Saved data entries
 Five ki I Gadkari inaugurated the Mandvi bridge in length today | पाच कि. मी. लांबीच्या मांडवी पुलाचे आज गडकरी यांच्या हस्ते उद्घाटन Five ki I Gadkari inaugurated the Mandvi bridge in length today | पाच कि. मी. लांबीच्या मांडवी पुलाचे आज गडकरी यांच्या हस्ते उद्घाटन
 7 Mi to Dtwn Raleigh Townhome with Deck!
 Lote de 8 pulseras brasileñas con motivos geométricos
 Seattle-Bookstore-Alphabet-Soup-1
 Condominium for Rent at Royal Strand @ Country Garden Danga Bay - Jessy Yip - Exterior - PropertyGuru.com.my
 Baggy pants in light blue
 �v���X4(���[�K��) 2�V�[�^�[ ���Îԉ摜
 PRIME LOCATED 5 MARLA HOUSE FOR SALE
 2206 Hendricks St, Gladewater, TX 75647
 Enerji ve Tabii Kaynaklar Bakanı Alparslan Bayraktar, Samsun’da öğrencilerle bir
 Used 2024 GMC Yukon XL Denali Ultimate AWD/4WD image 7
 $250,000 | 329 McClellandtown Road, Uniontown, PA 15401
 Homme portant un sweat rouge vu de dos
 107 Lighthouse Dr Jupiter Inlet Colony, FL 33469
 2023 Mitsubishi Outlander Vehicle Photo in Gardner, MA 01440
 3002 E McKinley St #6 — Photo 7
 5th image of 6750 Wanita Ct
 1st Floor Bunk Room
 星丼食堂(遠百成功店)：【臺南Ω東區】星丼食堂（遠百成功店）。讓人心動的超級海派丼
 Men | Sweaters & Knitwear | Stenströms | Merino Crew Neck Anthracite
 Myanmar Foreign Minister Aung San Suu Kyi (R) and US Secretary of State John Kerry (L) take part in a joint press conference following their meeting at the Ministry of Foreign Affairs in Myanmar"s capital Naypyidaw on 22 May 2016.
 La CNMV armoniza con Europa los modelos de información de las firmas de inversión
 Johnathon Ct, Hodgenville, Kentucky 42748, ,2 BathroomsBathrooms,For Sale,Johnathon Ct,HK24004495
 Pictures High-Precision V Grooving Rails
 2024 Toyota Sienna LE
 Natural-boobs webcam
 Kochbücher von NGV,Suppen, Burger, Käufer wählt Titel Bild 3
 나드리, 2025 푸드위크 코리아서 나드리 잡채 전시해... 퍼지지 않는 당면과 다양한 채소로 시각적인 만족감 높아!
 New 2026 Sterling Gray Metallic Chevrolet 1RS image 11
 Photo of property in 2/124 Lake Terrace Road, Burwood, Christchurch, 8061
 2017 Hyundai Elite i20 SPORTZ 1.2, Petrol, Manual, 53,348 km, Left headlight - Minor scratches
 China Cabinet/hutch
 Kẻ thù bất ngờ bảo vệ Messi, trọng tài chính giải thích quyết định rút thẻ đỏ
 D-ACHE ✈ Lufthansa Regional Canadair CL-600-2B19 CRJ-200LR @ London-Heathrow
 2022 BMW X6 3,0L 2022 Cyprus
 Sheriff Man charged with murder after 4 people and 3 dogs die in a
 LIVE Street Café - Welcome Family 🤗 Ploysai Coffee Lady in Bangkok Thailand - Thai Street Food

== DESCRIPTION OF THE TASK ==
Write down again the exact lines running from the beginning of the data to the line containing "Uniontown, PA 15401", with both ends included.

== REPLY ==
 Five ki I Gadkari inaugurated the Mandvi bridge in length today | पाच कि. मी. लांबीच्या मांडवी पुलाचे आज गडकरी यांच्या हस्ते उद्घाटन Five ki I Gadkari inaugurated the Mandvi bridge in length today | पाच कि. मी. लांबीच्या मांडवी पुलाचे आज गडकरी यांच्या हस्ते उद्घाटन
 7 Mi to Dtwn Raleigh Townhome with Deck!
 Lote de 8 pulseras brasileñas con motivos geométricos
 Seattle-Bookstore-Alphabet-Soup-1
 Condominium for Rent at Royal Strand @ Country Garden Danga Bay - Jessy Yip - Exterior - PropertyGuru.com.my
 Baggy pants in light blue
 �v���X4(���[�K��) 2�V�[�^�[ ���Îԉ摜
 PRIME LOCATED 5 MARLA HOUSE FOR SALE
 2206 Hendricks St, Gladewater, TX 75647
 Enerji ve Tabii Kaynaklar Bakanı Alparslan Bayraktar, Samsun’da öğrencilerle bir
 Used 2024 GMC Yukon XL Denali Ultimate AWD/4WD image 7
 $250,000 | 329 McClellandtown Road, Uniontown, PA 15401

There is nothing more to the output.